How to Put the "Decaf" in Coffee - Part 2

Updated: Nov 22, 2019

There are several reasons to choose decaf coffee, and while not everyone is a big fan (though we hope to convert you with the Decaf Pouch) the decaffeination process is quite interesting. In our previous post, you read about when decaffeination happens in the coffee bean-to-cup process. Now, you’ll read more about the how.


Traditionally, decaffeination happens in the green bean stage, that is: after the coffee beans have been dried but before roasting. These green beans are sent to an industrial decaffeination facility before they are sent to the roasters, adding an extra transportation step. In the decaffeination facility, there are three commonly used methods to get as much of that caffeine out of the beans as possible: the chemical solvent method, the CO2 method, and the water method.


Decaffeination using chemical solvents

As the name suggests, the chemical solvent method uses chemical solvents to extract the caffeine from the bean. In the first step, coffee beans are steamed so the pores open, allowing the solvents to seep deeper into the bean. In the second step: repeated rinsing by either methylene chloride or ethyl acetate - the two most common solvents used in decaffeination. Caffeine is very soluble in both of these solvents, and is therefore almost completely removed from the bean. The beans are then steamed again, to remove any traces of the chemicals. While decaffeination with a chemical solvent is the most widely used method for decaffeination, both chemicals are very volatile and can react with the atmosphere to produce smog, which will damage the environment.


Decaffeination using CO2

The CO2 method uses “supercritical CO2” as a solvent. When CO2 gas is heated above its critical temperature while pressurized above its critical pressure, it starts behaving as a supercritical fluid, which have both gaseous and liquid properties. Coincidentally, one of those properties is that it acts as an excellent solvent for molecules such as - you guessed it - caffeine. Similar to the method described above, beans are soaked in the solvent, which dissolves and drains the caffeine out. This process is very energy intensive, the gas has to be compressed to 3500 psi, and therefore also quite expensive, and not used that often.
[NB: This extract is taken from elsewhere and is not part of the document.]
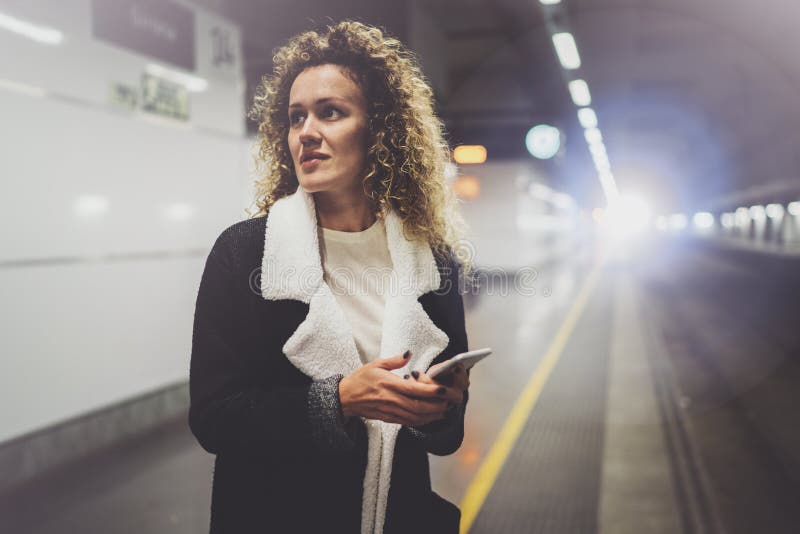 Pretty woman on commute transit using smartphone while standing in train station. Attractive girl happy using mobile stock photos Pretty woman on commute transit using smartphone while standing in train station. Attractive girl happy using mobile stock photos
Decaffeination using water

But decaffeination does not have to rely on solvents necessarily. A third often-used method for specialty coffees just uses water. In the water methods, a batch of beans is soaked in hot water to dissolve the caffeine. This also dissolves all the wonderful coffee flavor molecules and oils. The now flavorless beans are discarded, and the water is passed through an activated charcoal filter which removes the caffeine molecules, but not any of the oils or flavor molecules. This water is the “green coffee extract”. The green coffee extract is used to osmotically remove caffeine from a new batch of beans. Osmosis means that caffeine molecules are drawn out of the beans, while all the flavor remains in the beans - the green coffee water is already saturated with flavor molecules! This process, known as the Swiss Water process or the Mountain Water process (depending on the location of the industrial plant) sounds a lot “cleaner” than the other two, but causes a lot of CO2 emissions in the process of cleaning the charcoal filters. In addition, a whole batch of beans is wasted in the first step to make that green coffee extract.


Are there other ways?

As we touched on in our previous post, the process of pre-roast decaffeination damages the green coffee beans making them difficult to roast and often resulting in a lower quality product that might not taste as good. In addition, none of these methods are particularly environmentally friendly. Volatile solvents, high energy costs, or CO2 emissions, in addition to transporting beans halfway around the world; we would all like to avoid those. Perhaps a green, environmentally friendly, post-brew decaffeination method would be preferable? We sure think so!